Her life wasn’t all bright-lights and beautiful people. She was sent to boarding school at eleven, never to live at home again, and the victim of a serious sexual assault as a teenager contributed to a decline into hard drugs and alcohol that almost destroyed her.
Paula says she lived a double life: one of a successful entrepreneur, the other a woman in deep pain relentlessly trashing her body, like the worthless object the rape had taught her it was.
In 2020 Paula completed her Masters of Creative Writing at the University of Auckland with the first draft of her memoir gaining First Class Honours.
An excerpt from Bitches, Bikes and Honey’s
In that diary entry, I asked myself, ‘Why do grown men like me?’ A question I now know is not a normal question for a young teen. The burden of that question defined my early life and fuelled some terrible choices that took me from an untroubled child building huts in our hay shed to a junkie who could score hammer off the streets of Cabramatta with the lift of an eyebrow.

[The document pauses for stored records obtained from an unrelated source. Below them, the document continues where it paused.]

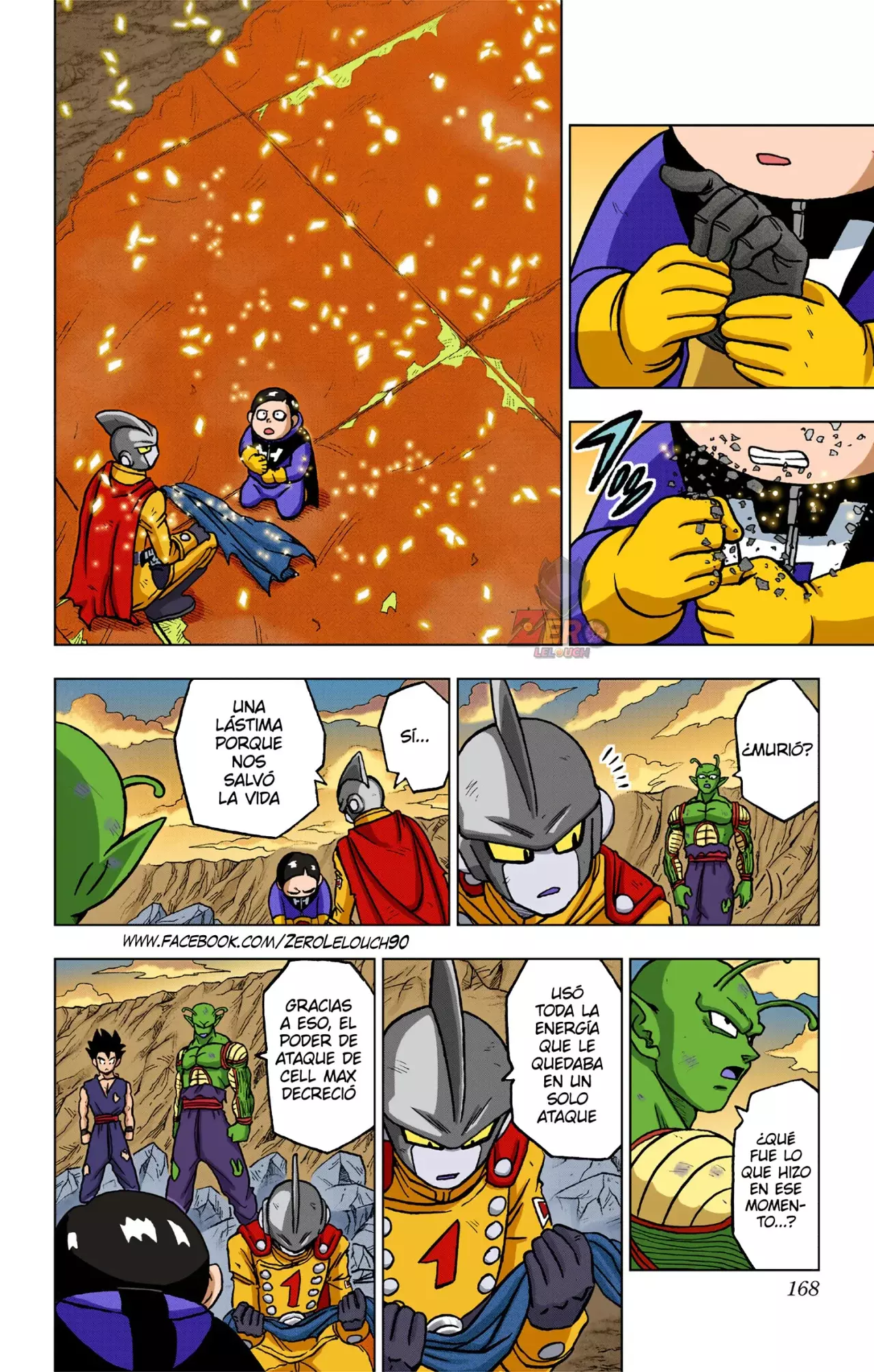 Read Dragon Ball Super ES Manga Online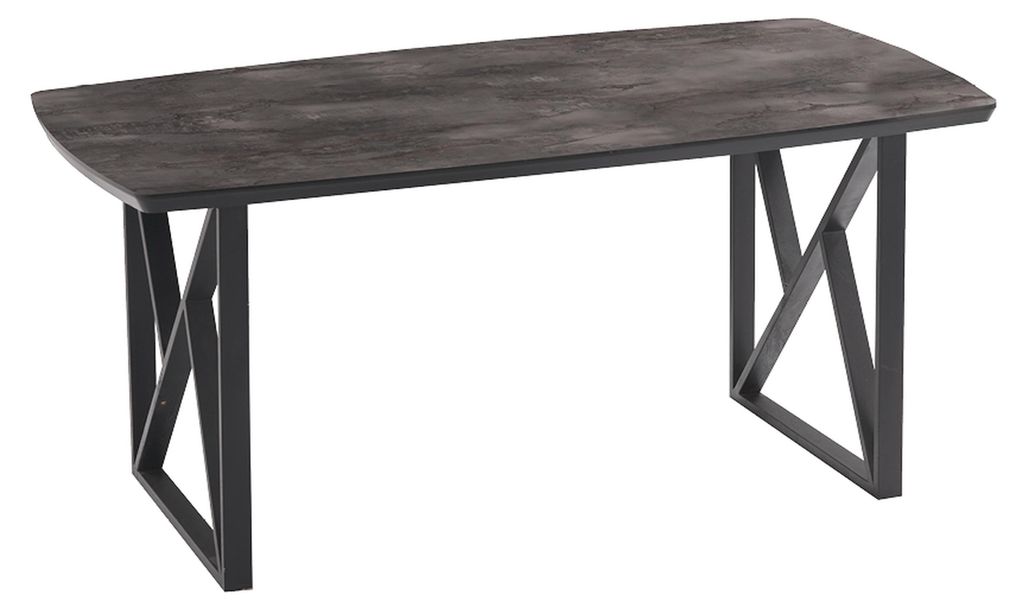 Schwarze Stilvolle Esszimmer Garnitur Luxus Esstisch 6x stühle Set 7tlg.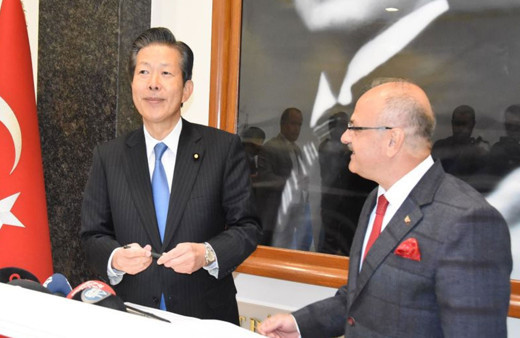 Japon hükümet ortağından Türkiye sözleri: Ekonomisi görkemli şekilde gelişti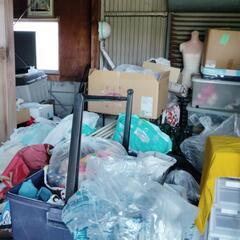 仕入れ転売フリマ　向き　倉庫内のもの　軽トラに積めるだけ　まとめて軽トラで引き取ってくださいの画像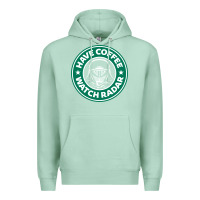 Seafoam have coffee, watch radar new Premium Hoodie - linhVisuals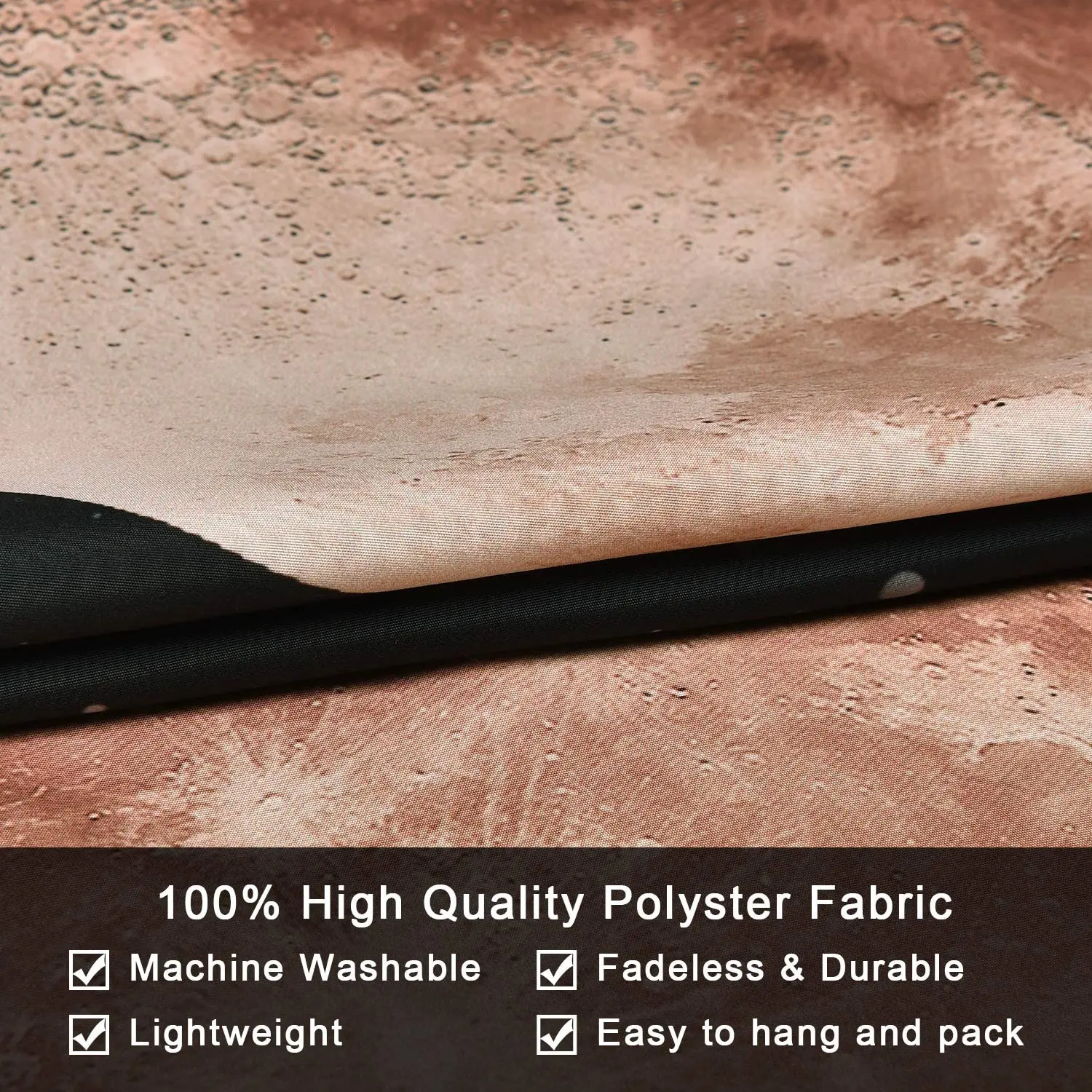 

Moon Phase Moonlit Garden Tapestry Flower Vine Black Background Star Wall Hanging Blanket For Boho Decoration Home Decor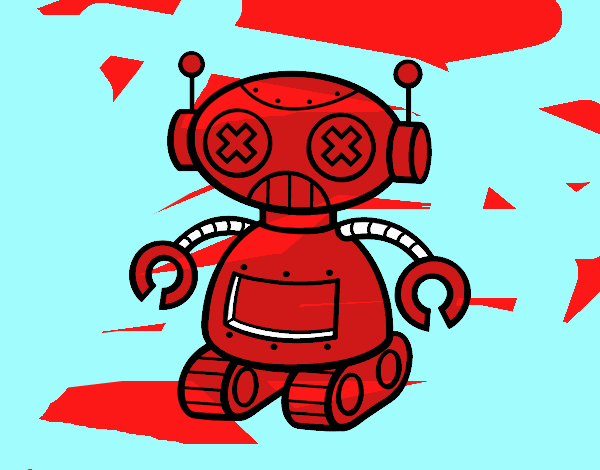 Muñeco robot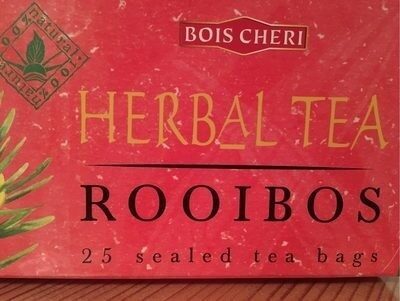 Herbal tea rooïbos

This memoir is a disrobing of sorts. I rip open my blouse revealing my identity through the words I have scraped from my well-worn notebooks and clawed out of the dark hollows of my memory. An account that I am thankful to have lived through, in all its hopeful and messy glory.
Maybe if someone had given me this story to read as a young woman, the shame wouldn’t have cut so deep, nor my decisions been so dangerous.